Bisnis.com, JAKARTA — Direktur Utama Badan Penyelenggara Jaminan Sosial atau BPJS Kesehatan Ali Ghufron Mukti mengungkapkan bahwa skema koordinasi manfaat atau Coordination of Benefit (CoB) antara BPJS Kesehatan dan asuransi kesehatan swasta saat ini tengah dalam tahap evaluasi, khususnya terkait batas maksimal tarif yang bisa dikenakan rumah sakit.
Ghufron menyampaikan bahwa implementasi CoB sudah mulai diterapkan, terutama bagi peserta JKN-KIS kelas 1 yang ingin meningkatkan layanan rawat jalan maupun rawat inap ke kelas lebih tinggi seperti VIP.

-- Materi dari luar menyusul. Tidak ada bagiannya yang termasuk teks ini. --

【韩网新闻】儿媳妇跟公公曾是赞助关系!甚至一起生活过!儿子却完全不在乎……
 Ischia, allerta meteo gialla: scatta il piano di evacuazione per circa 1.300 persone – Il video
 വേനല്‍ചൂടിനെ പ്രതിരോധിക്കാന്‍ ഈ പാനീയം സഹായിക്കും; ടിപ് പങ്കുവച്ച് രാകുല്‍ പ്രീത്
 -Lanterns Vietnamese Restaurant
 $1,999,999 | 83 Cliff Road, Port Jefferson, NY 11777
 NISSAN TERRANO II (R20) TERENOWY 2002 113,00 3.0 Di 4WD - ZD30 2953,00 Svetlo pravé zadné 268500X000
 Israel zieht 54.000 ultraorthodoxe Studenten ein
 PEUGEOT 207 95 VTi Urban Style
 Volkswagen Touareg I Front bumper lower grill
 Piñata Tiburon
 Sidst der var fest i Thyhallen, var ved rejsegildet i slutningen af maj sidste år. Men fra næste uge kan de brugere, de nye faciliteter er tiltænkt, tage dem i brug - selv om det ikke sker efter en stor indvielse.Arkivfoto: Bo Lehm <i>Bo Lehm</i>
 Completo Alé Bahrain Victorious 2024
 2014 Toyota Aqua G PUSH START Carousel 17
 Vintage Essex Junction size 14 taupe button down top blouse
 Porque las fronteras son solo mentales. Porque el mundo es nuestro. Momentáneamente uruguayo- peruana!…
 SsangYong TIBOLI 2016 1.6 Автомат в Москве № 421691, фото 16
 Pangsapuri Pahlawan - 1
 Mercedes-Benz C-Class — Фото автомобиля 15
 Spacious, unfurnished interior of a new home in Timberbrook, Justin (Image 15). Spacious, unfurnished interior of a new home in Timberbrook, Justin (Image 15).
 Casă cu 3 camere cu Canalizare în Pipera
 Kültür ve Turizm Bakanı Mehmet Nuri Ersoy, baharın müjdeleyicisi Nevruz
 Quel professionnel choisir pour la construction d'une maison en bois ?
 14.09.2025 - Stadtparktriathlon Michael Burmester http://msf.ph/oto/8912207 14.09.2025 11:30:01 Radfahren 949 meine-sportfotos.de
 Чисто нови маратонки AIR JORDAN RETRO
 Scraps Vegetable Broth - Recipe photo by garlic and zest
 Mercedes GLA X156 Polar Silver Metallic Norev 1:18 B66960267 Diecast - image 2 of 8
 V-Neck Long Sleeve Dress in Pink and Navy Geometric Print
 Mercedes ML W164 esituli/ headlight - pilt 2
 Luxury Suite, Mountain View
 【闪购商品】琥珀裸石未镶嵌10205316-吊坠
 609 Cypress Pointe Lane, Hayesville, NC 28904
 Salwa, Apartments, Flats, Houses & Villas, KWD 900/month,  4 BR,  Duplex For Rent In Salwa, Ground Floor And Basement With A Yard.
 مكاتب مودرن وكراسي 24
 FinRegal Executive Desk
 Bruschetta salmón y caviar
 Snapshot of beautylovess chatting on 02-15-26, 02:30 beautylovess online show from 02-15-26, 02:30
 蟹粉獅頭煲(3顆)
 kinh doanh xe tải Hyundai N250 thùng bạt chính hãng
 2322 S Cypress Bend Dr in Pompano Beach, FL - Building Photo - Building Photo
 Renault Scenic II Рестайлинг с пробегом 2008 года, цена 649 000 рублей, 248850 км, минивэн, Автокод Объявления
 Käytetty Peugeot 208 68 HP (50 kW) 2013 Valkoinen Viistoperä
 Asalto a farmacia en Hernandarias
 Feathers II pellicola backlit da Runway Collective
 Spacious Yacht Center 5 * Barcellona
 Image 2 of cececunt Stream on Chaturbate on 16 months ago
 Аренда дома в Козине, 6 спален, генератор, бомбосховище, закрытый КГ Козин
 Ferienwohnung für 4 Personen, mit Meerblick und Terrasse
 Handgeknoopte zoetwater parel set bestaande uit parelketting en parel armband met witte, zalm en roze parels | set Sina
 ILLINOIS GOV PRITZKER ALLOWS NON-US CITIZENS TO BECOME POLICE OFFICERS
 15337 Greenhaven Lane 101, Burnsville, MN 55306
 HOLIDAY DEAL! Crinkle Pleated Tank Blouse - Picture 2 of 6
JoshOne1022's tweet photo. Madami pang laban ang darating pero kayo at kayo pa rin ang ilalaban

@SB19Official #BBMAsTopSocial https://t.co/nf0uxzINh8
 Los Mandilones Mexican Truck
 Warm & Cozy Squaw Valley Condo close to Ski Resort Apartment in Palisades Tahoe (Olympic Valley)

“Ya, sebetulnya sekarang ini ya. Orang yang sudah katakanlah kelas 1 ya, yang dia mau dirawat, seperti rawat jalan, itu bisa. Dan cuma nambah Rp400 ribu rupiah. Nah kalau dia nggak puas dirawat di kelas 1, naik ke kelas VIP boleh,” kata Ghufron ditemui usai acara Penandatanganan MoU Dengan Kementerian Hukum RI di Kantor BPJS Kesehatan pada Kamis (24/4/2025).
Namun, dia menekankan bahwa terdapat batasan tertentu dalam penerapan skema ini, terutama dalam hal tarif layanan yang dibebankan kepada peserta dan perusahaan asuransi swasta.
“Nah bedanya itu, sisanya itu, nah itu yang dibayar ya. Tapi itu ada batasnya. Kalau sekarang itu sekitar 200%. Nah ini asosiasi rumah sakit sedang diskusi, berapa kira-kira? Apakah sudah tepat 200% dari harganya?” imbuhnya.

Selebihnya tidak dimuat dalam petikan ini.